And finding time to do it…
I taught a class on Internet search strategies recently. The course demands that learners know the difference between search engines, directories, and metasearch.
I find this a little irritating to teach, as the Internet has evolved a fair bit since these syllabuses were written and things seemed to have converged somewhat. At the level to which they’re working, it’s hard to find good examples of things which can’t simply be found by banging them into Google!
I deliberately kept the advanced functions of Google for last because I knew once I’d hit Google Maps and they spotted the aerial photograhy, that would be it for keeping them on task!
Then I caught myself — the learners were enthused, searching and playing with the resource and I was feeling impatient and wanting them to “get on with some work”.
Arrgghh! No!
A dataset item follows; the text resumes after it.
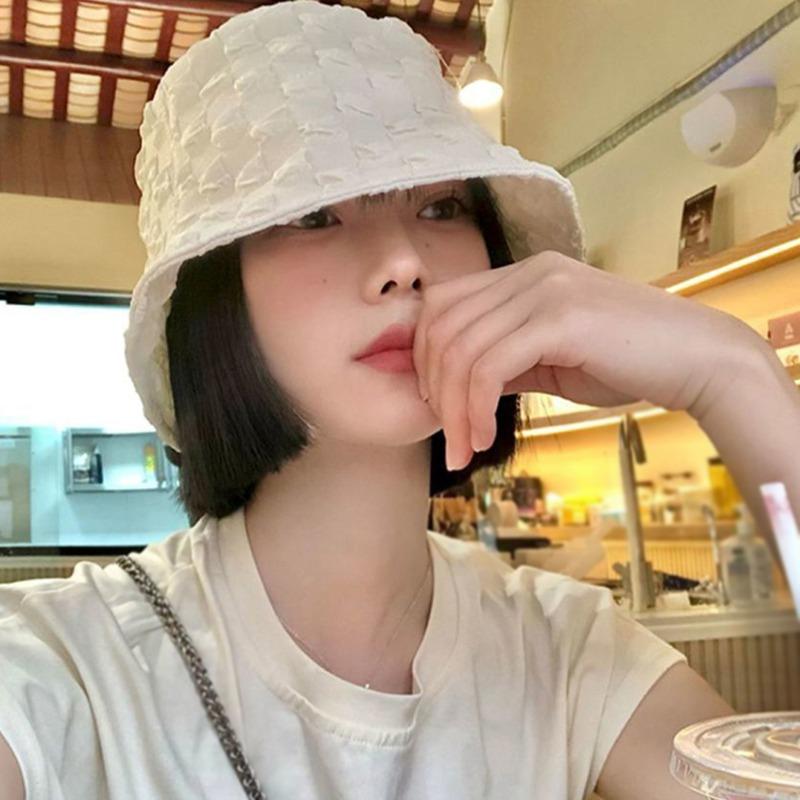 Seersucker Pleating Women's Bucket Hat Thin Small Square Summer Sun Hat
This is exactly what I WANT them have time to do.
Alright they were “only” doing (predictably), “I can see my house!”, but they were thinking about it and when they got unexpected results were reasoning it out.
I resisted the urge to rush them onto something else and wandered the room, listening out.
“Hang on there’s loads of’”John Streets’ in different places — try putting the town in as well.”
“I’ve spelt that wrong.”
“Would putting the postcode in work?”
“What does that button do?” “Don’t know – try it”
Is it directly relevant to their course? Maybe, maybe not. But they’re undoubtedly developing their learning skills.